-- AVAILABLE DATA follows --

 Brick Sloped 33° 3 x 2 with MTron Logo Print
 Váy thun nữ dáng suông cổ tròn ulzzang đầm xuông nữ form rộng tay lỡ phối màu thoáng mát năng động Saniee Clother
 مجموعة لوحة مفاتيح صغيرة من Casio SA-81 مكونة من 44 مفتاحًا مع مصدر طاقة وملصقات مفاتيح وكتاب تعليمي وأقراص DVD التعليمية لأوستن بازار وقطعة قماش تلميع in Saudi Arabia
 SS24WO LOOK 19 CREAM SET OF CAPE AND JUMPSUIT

-- AVAILABLE DATA concluded --
-- AVAILABLE DATA follows --

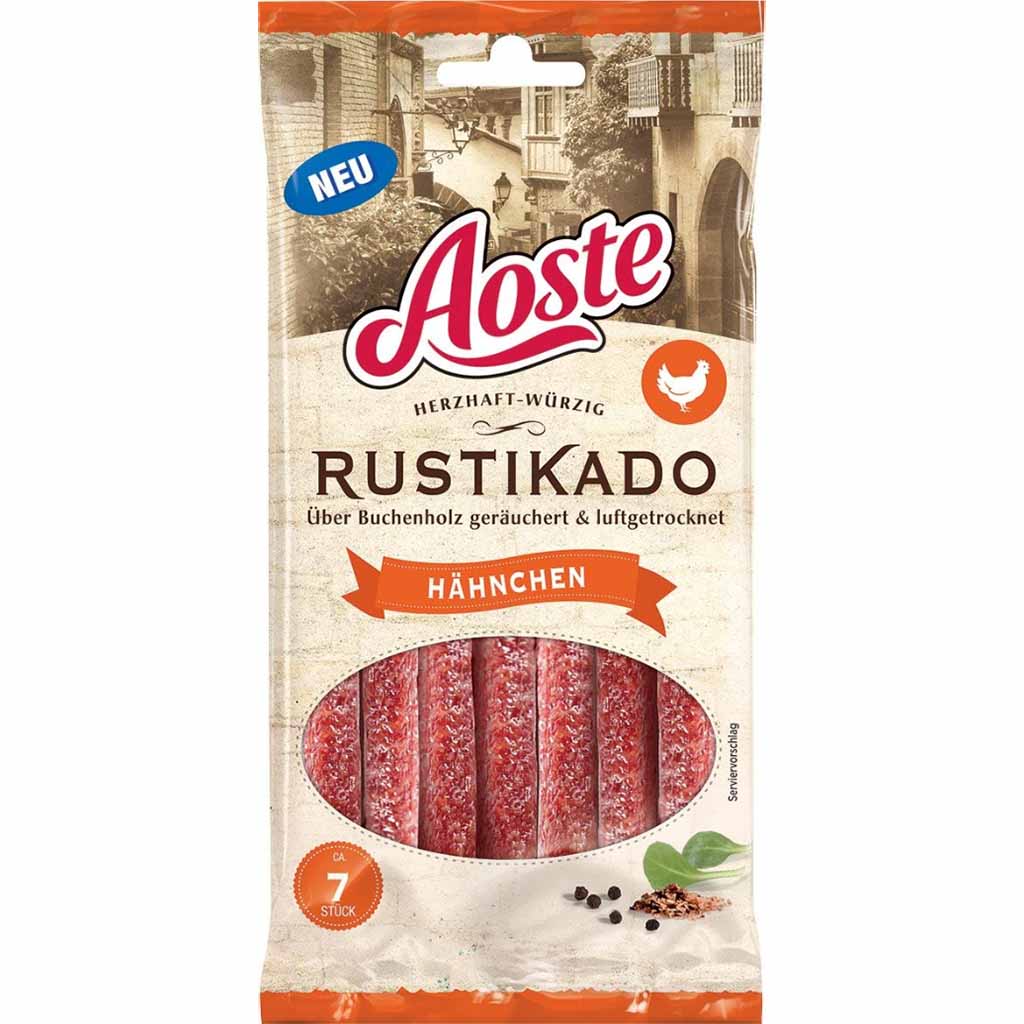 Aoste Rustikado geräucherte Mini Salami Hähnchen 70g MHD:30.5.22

-- AVAILABLE DATA concluded --
-- AVAILABLE DATA follows --

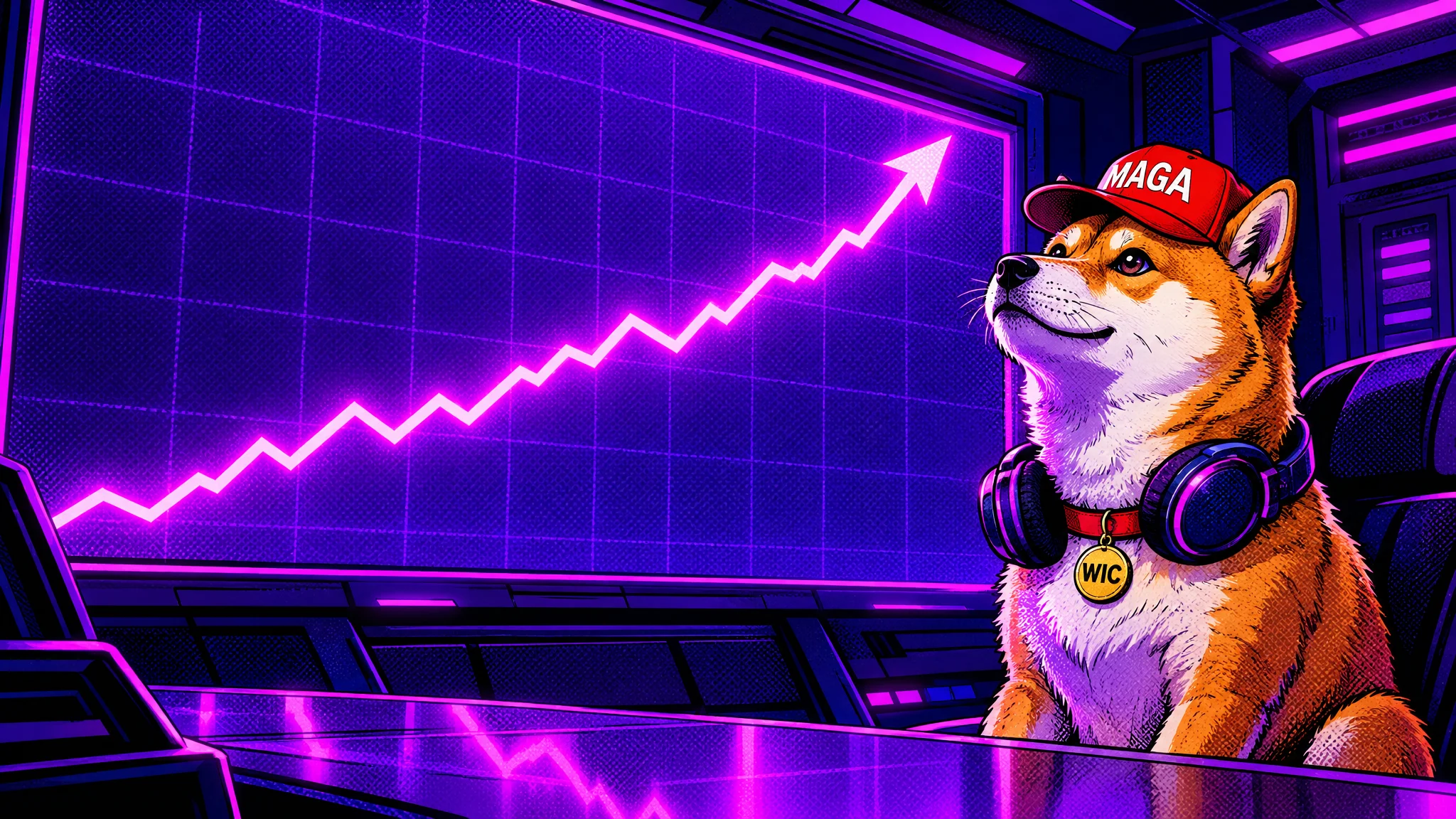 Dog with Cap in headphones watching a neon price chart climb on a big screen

-- AVAILABLE DATA concluded --

Output exactly one stretch of the listing: from the line containing "مجموعة لوحة مفاتيح" through the line containing "SS24WO LOOK 19", both end lines included.

 مجموعة لوحة مفاتيح صغيرة من Casio SA-81 مكونة من 44 مفتاحًا مع مصدر طاقة وملصقات مفاتيح وكتاب تعليمي وأقراص DVD التعليمية لأوستن بازار وقطعة قماش تلميع in Saudi Arabia
 SS24WO LOOK 19 CREAM SET OF CAPE AND JUMPSUIT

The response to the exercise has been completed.